Greve’s insights thus enable
supporters of various policies to choose more intelligently what mix of
national and state lawmaking and administration they should favor, depending on
their goals. A reader of Greve’s book might well come to the conclusion that
the best political course is to be opportunistic about federalism – as both
political parties are – rather than to strive for some kind of consistency.
(That, of course, is the opposite of a constitutional theory.)
But it seems to me that, whether one leans more to the free-market, limited government side, as Greve does, or to the redistributionist regulatory state, as some of his critics do, there are two aspects of Greve’s competitive federalism that should command more widespread agreement.
First, Greve’s federalism is more conducive to a diversity of policies. Ideologues who think their own views are simply best for everyone will have little use for Greve’s federalism, but those who think that there are a variety of reasonable approaches to policy questions will applaud.

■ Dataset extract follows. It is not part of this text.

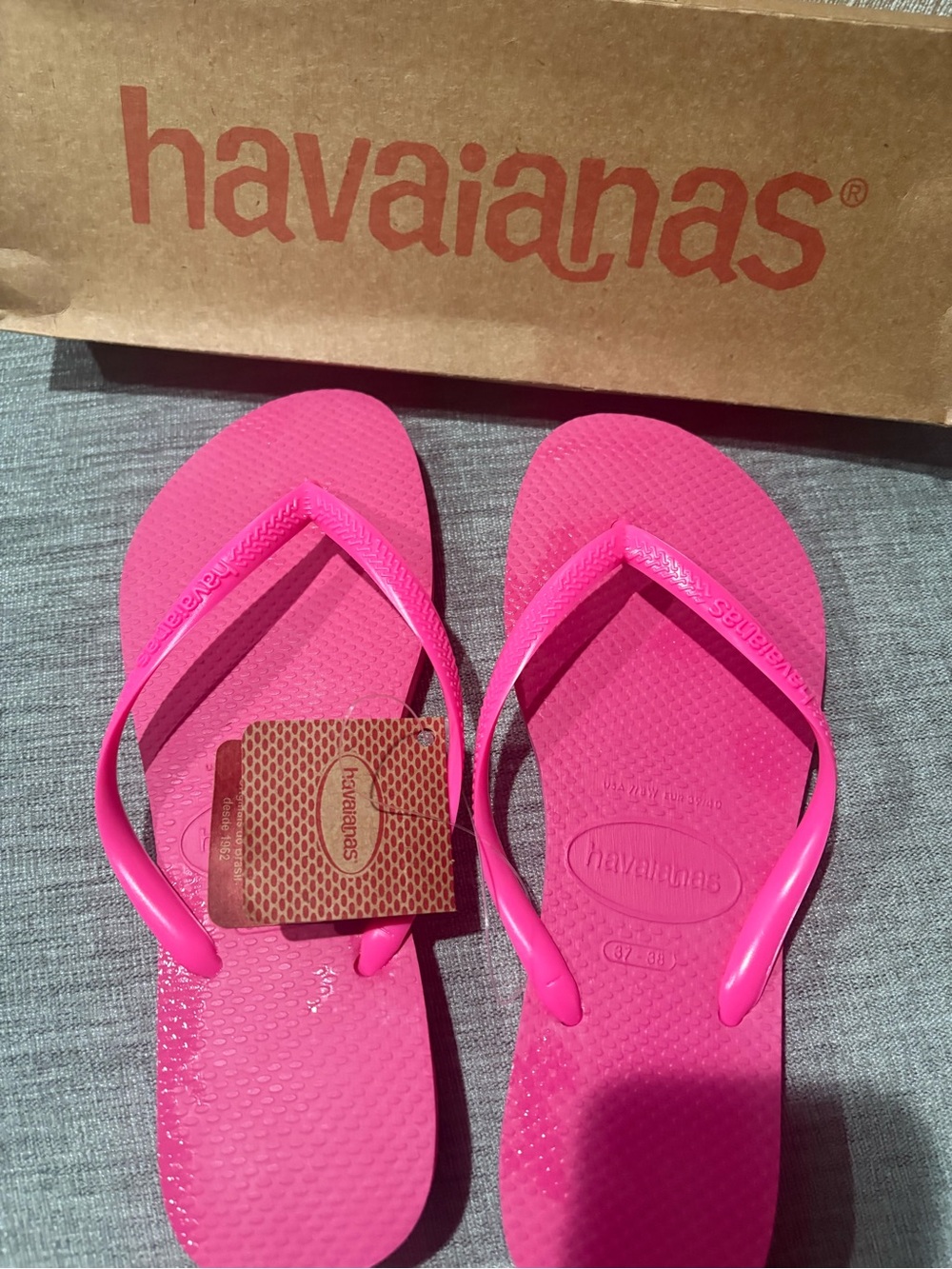 Havaianas Women's Hot Pink Flip Flop Sandals Size:7/8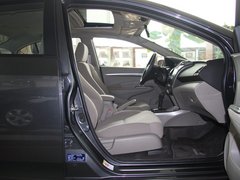 2012款 1.5L 自动 精英版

Let California be a high-tax, burdensome-regulation state, let Texas be the opposite, and we can see what the relative results are for the common good. Which ends up with better schools, more employment
opportunity, more immigration, and rising incomes? When policies touch on
moral-cultural matters, moreover, Greve’s federalism enhances freedom by
ensuring that when Americans vote with their feet, there will be more than a
dime’s worth of difference in the places where they may choose to settle.
Second, Greve is surely correct that it is wrong by any measure to allow individual states with idiosyncratic views to compel the entire nation to conform, through such
mechanisms as mass tort litigation or regulation based on out-of state conduct.
Where markets are genuinely national and the costs of differentiation among
states insurmountable, it is probably better to nationalize standards, rather
than allow fifty tails to wag the dog. There are occasions when national
majorities should rule the entire nation and occasions where the various state
majorities should rule within their own states, but there are probably no
occasions where an individual state majority should rule the entire nation.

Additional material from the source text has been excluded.